Tuesday, April 10, 2007

Is Ethanol Cost Effective?

From Clean Air Choice, this link presents a comparison cost of E85 to Unleaded.

Consider the following:
1)Ethanol contains approximately 76% of the energy as gasoline (see below)
2)Ethanol's Return on Energy is approximately 1.24:1. That means that the BTU expended yields approximately 24% more BTU.

ETHANOL BY THE NUMBERS
Energy for Ethanol (100%) EEtOH = 75,700.00 BTU/Gallon
Energy for Gasoline (100%) EGAS = 115,000.00 BTU/Gallon

Energy in E85 (Ethanol Content Ranges from 70% to 85%)
EE85 = [(0.85 * EEtOH + 0.15 * EGAS) +(0.70 * EEtOH + 0.30 * EGAS)] / 2
EE85 = 84,542.50 BTU/Gallon

Energy in Blended Gasoline
EPUMPGAS = 0.10 * EEtOH + 0.90 * EGAS
EPUMPGAS = 111,070.00 BTU/Gallon

Comparison of Blended Gasoline to E85
Efficiency of E85 = EE85 / EPUMPGAS
Efficiency of E85 = 76%

This evaluation reflects the energy that is available for the automobile to consume. For E85 to break even with gasoline is must cost at least 24% less for the economics to be attractive. The following factors in that the Return on Energy for EtOH is

Equivalent Cost of Fuel based on Energy
Gasoline $2.85
E85 $2.17

FOSSIL FUEL CONSUMPTION

1 gallons of E85 = 84,542.50 BTU
Fossil Fuel Energy Expended = 68,179.44 BTU
1 gallon Gasoline = 111,070.00 BTU

Based on equivalent energy: 1.31 Gallons E85 = 1 Gallon Gasoline

1.31 (Gallon E85/Gallon Gasoline Equiv E85) * 68,179.44 BTU Fossil Fuels
= 89,572.58 BTU Fossil Fuels / Gallon of Gasoline Equivalent E85

FOOD FOR THOUGHT

3 comments:

mr_eric said...

there was a great article in this wknd's STL post-dispatch about the water demand for the newer plants. typical plants cited in IL will need to withdraw 1.3 million gallons of gas per day from the ground.

pretty frightening

Psyclist said...

When it comes down to it, my opinion is that the two reasons corn based ethanol is considered is for getting the "farm/rural" vote for politicians in the grainbelt and for American car companies to "greenwash" their products.

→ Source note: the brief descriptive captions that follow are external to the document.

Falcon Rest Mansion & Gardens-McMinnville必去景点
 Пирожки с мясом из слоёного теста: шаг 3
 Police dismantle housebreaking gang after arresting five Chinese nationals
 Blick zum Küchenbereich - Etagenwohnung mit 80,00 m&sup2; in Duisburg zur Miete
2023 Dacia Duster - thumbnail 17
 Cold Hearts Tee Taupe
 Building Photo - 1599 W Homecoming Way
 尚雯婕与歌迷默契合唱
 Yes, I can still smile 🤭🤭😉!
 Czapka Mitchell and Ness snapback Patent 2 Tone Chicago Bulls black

From an environmental standpoint corn based ethanol is ridiculous. Due to population growth, fresh water will be the next scarce global resource after fossil fuel based energy. Using corn based ethanol results in exporting water via national fuel consumption. Corn based ethanol has gone from "wet milling" operations to "dry milling" operations which helps the water situation, but not enough. Ethanol must switch to cellulosic ethanol from corn based to have a legitimate future.

(Let's find a rural politician that is going to tell his constiuent that!)

Frigtening indeed.

Why not continue to develop hybrid technology that ultimately utilizes a green (ethanol/biodiesel) fuel? Instead, the american car companies badge their autos as ethanol vehicles, and it is impossible to fuel those vehicles in most places in the country. A hybrid realizes a greater reduction of fossil fuel based energy demand when compared to a non-hybrid than an ethanol fueled gasoline vehicle does (as shown presented in the post)

Anonymous said...

What's not being addressed is the fact that producing ethanol consumes more energy than it produces...why are we even going DOWN this road?